:: Work task ::
In the records below, find the line that contains "Lámpara de Bola" and the line that contains "Handcarved Wooden Tea"; write out exactly those two lines and everything between them, without the pictures.

:: Records ::
☆ ☆ ☆
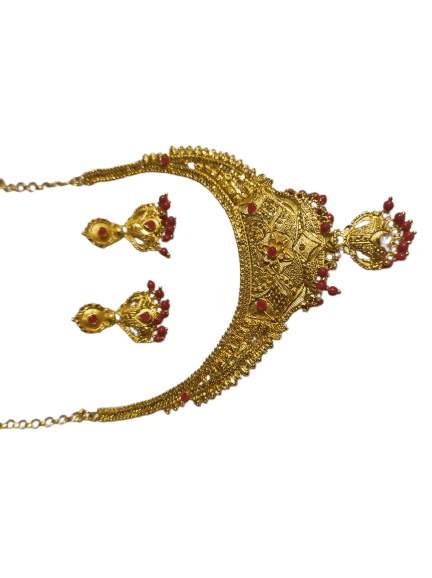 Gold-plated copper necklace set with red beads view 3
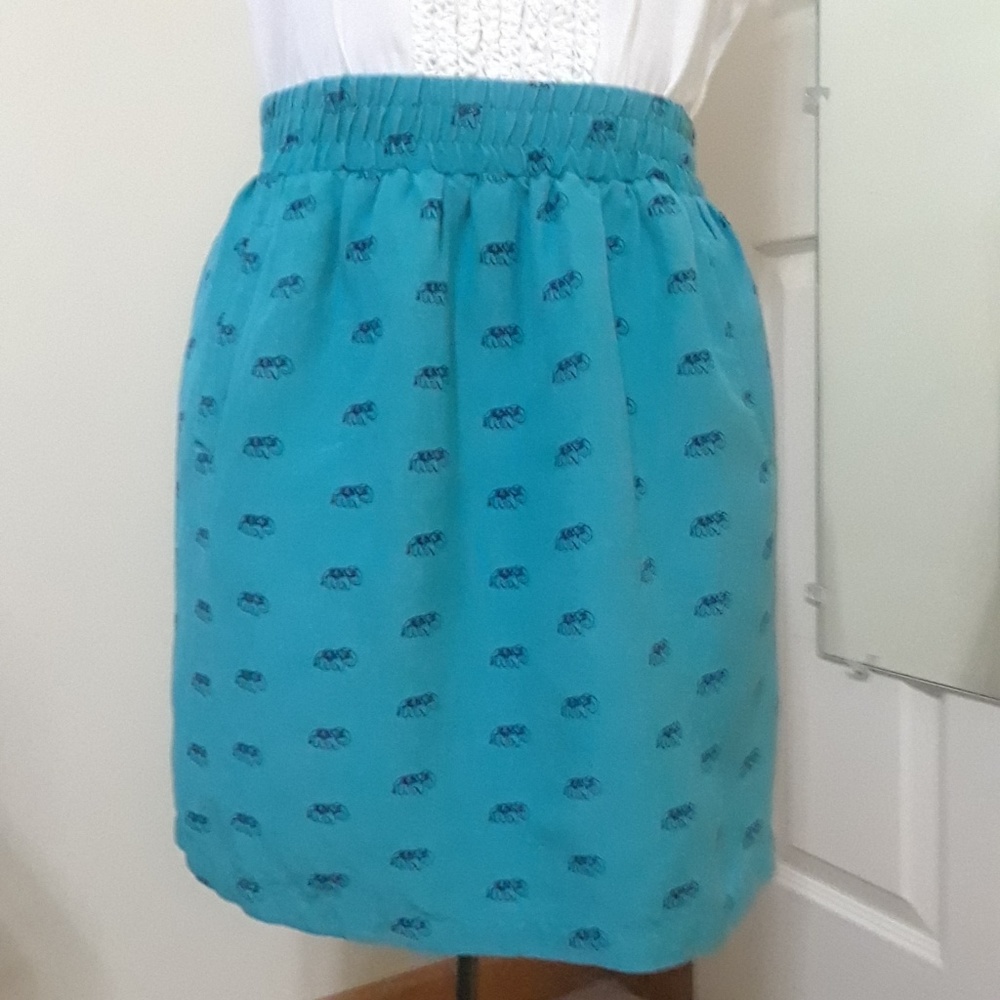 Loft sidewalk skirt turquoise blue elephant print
☆ ☆ ☆
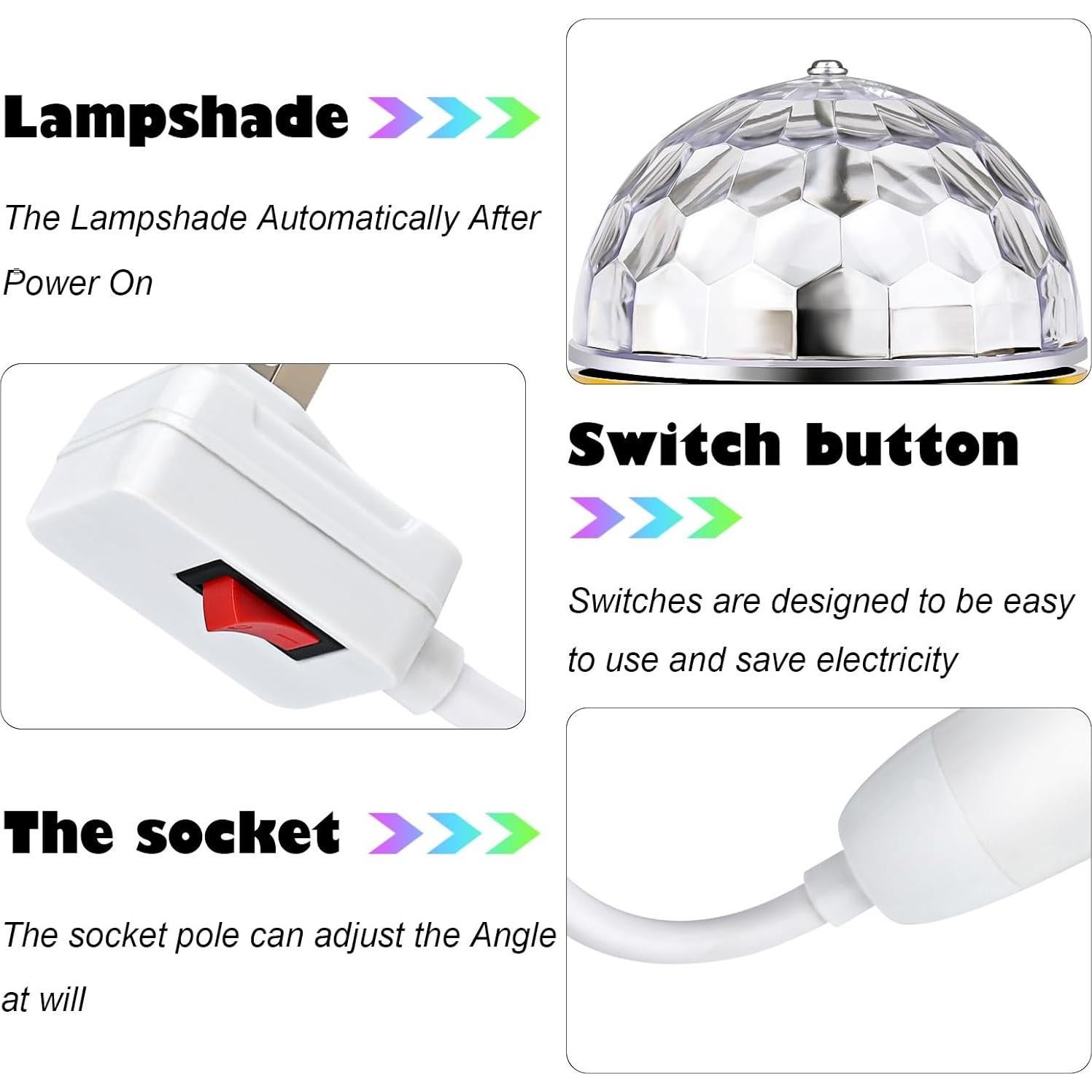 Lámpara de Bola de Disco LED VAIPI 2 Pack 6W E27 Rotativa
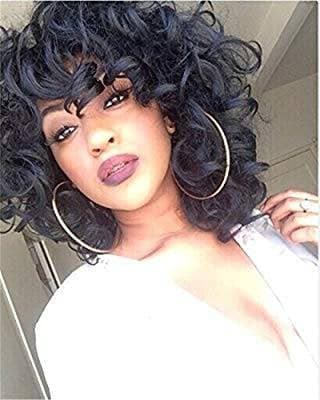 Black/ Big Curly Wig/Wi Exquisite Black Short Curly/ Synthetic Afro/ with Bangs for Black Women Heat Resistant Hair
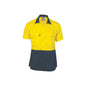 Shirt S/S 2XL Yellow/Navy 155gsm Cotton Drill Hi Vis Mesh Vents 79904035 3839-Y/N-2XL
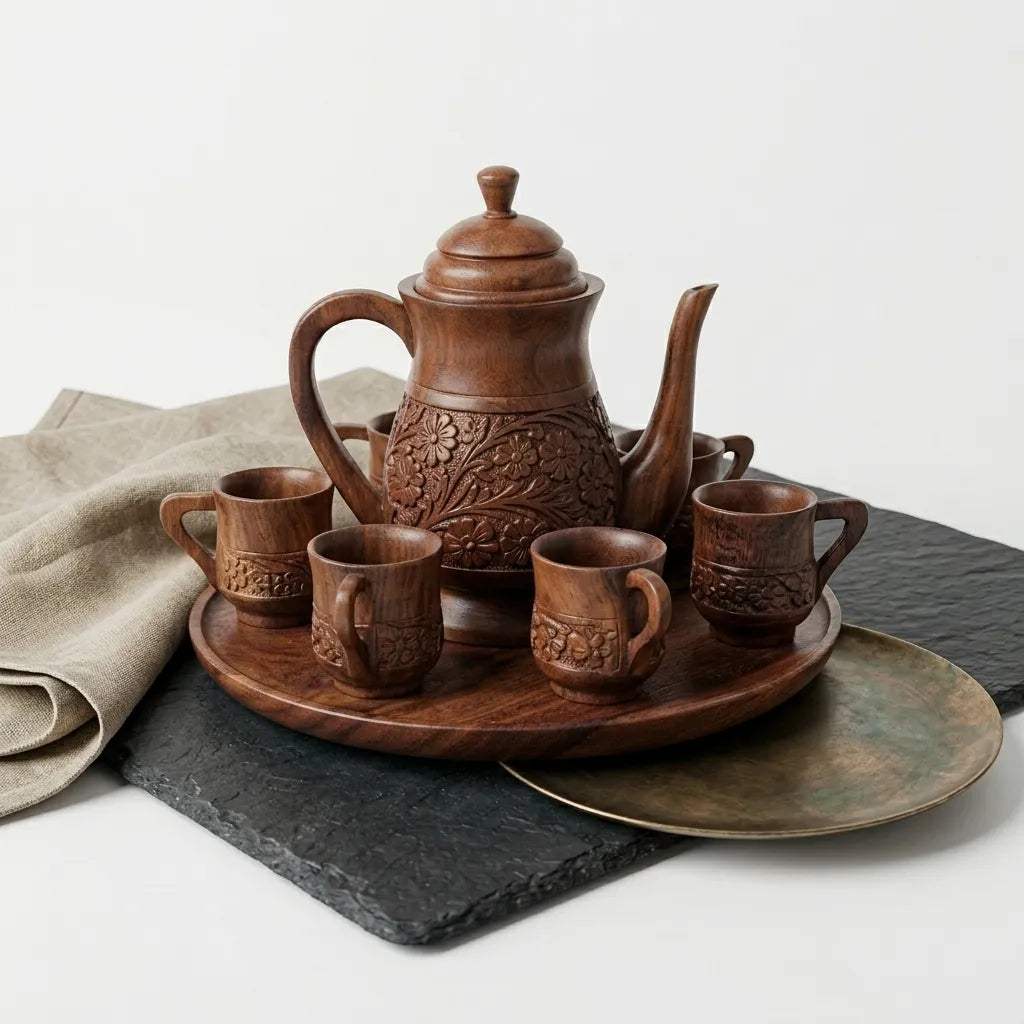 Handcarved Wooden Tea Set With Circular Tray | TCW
☆ ☆ ☆
:: Result of this task ::
 Lámpara de Bola de Disco LED VAIPI 2 Pack 6W E27 Rotativa
 Black/ Big Curly Wig/Wi Exquisite Black Short Curly/ Synthetic Afro/ with Bangs for Black Women Heat Resistant Hair
 Shirt S/S 2XL Yellow/Navy 155gsm Cotton Drill Hi Vis Mesh Vents 79904035 3839-Y/N-2XL
 Handcarved Wooden Tea Set With Circular Tray | TCW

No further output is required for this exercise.